08/02/14 21:57:17 AjTeE7WD
九州大法学部は、2010年度の入試からアドミッション・オフィス(AO)入試を廃止する方針を決めた。
筆記試験を受けた学生よりも入学後の成績が低い傾向があるためという。
AO入試は学生の「青田買い」との批判もあり、見直しの議論に影響しそうだ。
AO入試は筆記試験と異なり、面接や論文などで受験生の個性ややる気などを判断する制度。

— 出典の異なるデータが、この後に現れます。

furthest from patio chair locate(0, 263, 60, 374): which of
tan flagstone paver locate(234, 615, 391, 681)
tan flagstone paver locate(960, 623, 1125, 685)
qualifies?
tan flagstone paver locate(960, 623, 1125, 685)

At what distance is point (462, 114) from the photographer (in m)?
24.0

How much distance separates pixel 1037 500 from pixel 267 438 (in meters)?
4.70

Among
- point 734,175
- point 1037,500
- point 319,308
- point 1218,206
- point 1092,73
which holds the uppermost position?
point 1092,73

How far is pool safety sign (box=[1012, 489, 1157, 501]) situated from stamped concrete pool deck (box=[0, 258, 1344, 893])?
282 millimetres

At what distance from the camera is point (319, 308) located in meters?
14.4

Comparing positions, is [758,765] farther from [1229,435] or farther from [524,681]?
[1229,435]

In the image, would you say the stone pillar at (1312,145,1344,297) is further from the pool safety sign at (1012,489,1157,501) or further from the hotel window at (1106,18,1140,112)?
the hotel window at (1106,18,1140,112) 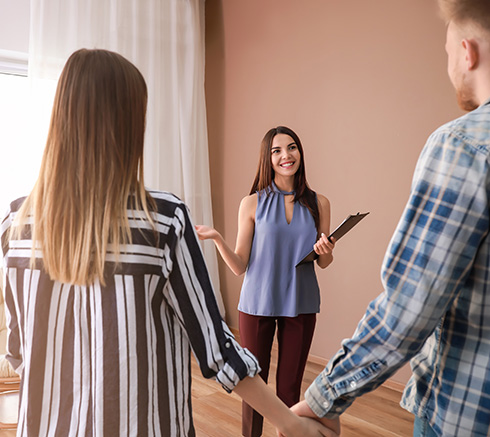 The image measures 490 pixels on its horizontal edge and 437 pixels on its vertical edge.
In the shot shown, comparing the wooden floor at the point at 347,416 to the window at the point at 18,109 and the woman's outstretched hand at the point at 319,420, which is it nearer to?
the woman's outstretched hand at the point at 319,420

九州大は、東北大や筑波大などとともに国公立大として初めて00年度から採用。
現在は法、理、医、歯、薬、芸工、農、21世紀プログラムで実施している。
法、薬学部と21世紀プログラム以外ではセンター試験の受験も必要。
同大によると、法学部には前・後期試験、AO入試の3種類があるが、試験別に入学後の成績を比較したところ、
AO入試で入学した学生の成績がほかよりも低い傾向にあったという。
センター試験を課す学部では目立った差がなく、基礎学力の不足が原因と判断、廃止を決めた。
法学部の募集人員は30人。
同大アドミッションセンターの武谷峻一教授は「導入から約10年で検討の時期に来ている。
3種類の入試を実施する煩雑さも理由になった」と説明する。
学生の学力水準を保つため、中央教育審議会が推薦・AO入試に一定の学力試験の導入を検討していることも考慮したという。
薬学部でもセンター試験を、農学部は小論文を課すなどの変更を検討している。
AO入試は00年以降、急速に増え、全大学の約6割に当たる454大学が実施。
07年度は推薦入試で入った学生が21万6000人、AO組が4万2000人で、両者を合わせると全入学者の4割以上を占める。